Fiaba pubblicata da: Alessandro Gioia

Quel paese ha uno strano nome e non è corto,
si chiama “Scusate non me ne ero accorto.”
Il primo cittadino è un macellaio bricconcello,
gli chiedi una gallina per il brodo e ti taglia il vitello.
Quando vende in un sol giorno una carovana di manzo,
poi cosa fa?
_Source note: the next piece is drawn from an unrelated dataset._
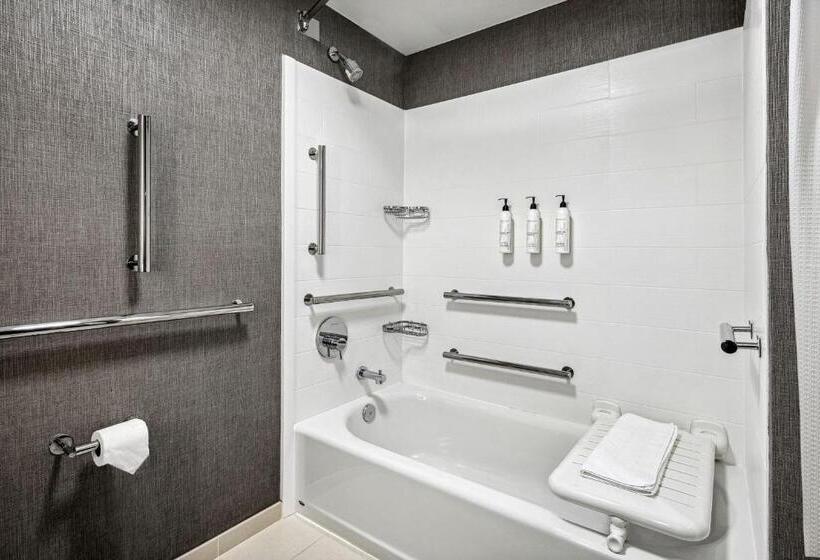 فندق Springhill Suites Anchorage Midtown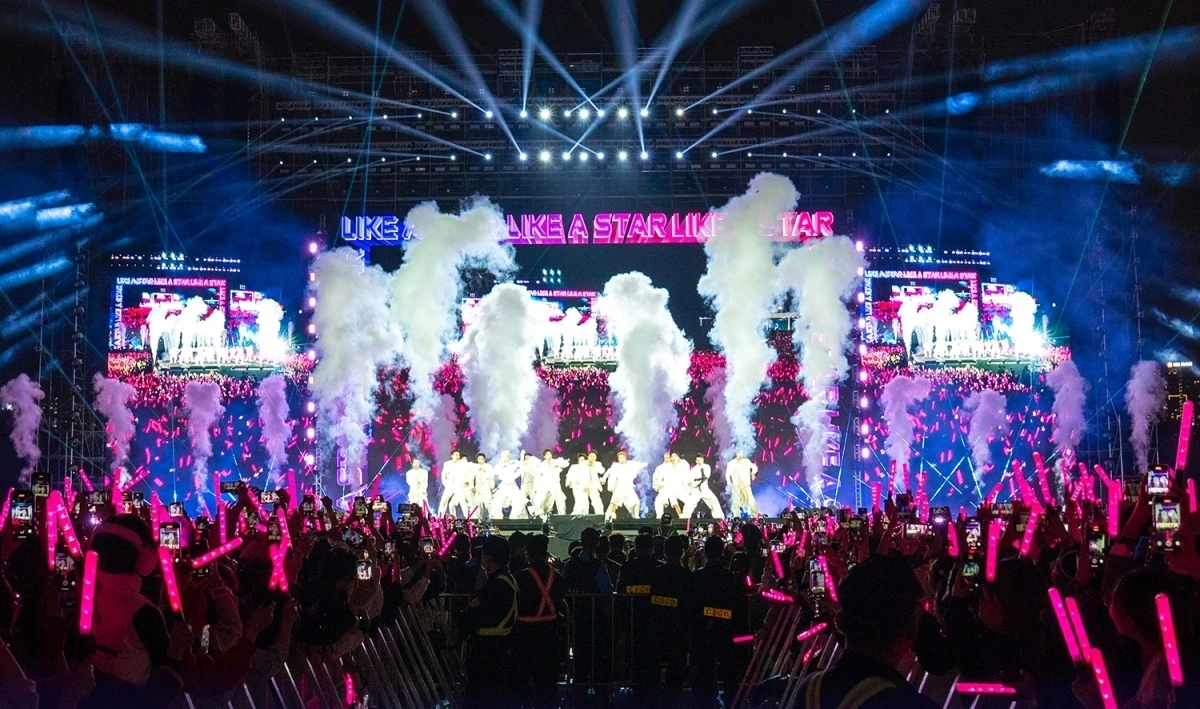 Khán giả tiếp tục xếp hàng từ 3 giờ sáng chờ xem Anh trai say hi-4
Si toglie il camice bianco e pipa in bocca se ne va a zonzo.
Non esistono da tempo ormai alberi da frutto o per augurio i melograni.
Alcuni son così distratti e strani che per legge chiamano giganti i nani.

E se vai da un parrucchiere per un particolare taglio
il buon uomo potrebbe farti solo mezza barba e poi raglia.
In questo paese persino le cicale son sempre sazie pur cantando ogni giorno.

Le laboriose formichine invece se va bene mangiano mezza briciola nel forno.
Le strade sono larghe ma col triciclo o bicicletta bisogna stare attenti,
in quel paese non esistono su strada e vicoletti né regolette né patenti.
Mai passare un guaio o un mal di testa a “Scusate non me ne ero accorto.”
Qualcuno, ed è facile come il sole ad agosto, se ha ragione può aver torto.

Come è ovvio è Carnevale tutto l’anno, con salsicce, vino rosso e piroette.
Ogni scherzo sempre vale, e tutto il giorno ci si prende in giro dalle sette alle sette.
Ogni maschera su ogni viso è ben messa, adulti medi e piccini,
fanno a gara a chi più scherza, e gli adulti fan più guai di questi tempi dei bambini.
Ogni casa ha un suo Re e la sera tutti chiudono il portone della corte,
non importa chi sta fuori: freddo o neve poco conta, chi può prepara sempre torte,
ciambelline e focaccine salate e dolci, non importa che poi fuori non solo i cani han le pulci.
In quel paese sorrisini prestampati se lo dici ti rispondono: “Che vuoi farci?!”

Il tribunale di -Scusate non me ne ero accorto- è fatto di panna montata e cioccolata
e la stanza delle sentenze ha i banchi e le sedie al sapor di marmellata.
Chi giudica ha i baffi lunghi e un gran mantello colorato e lucente.
Ed è sempre buono con chi tante marachelle combina e poi si pente.
Io non so, ci sto pensando, se in quel luogo convenga essere bambine o bambini.
Mi hanno detto che non comprendendo lo strano paese si sentono in gabbia come canarini.
Ma giocate bimbi sempre coi vostri giochi: orsacchiotti, fate, gnomi e palloni.
Alla fine, il futuro è vostro, semplicemente, tornate a giocar, correndo, coi variopinti aquiloni.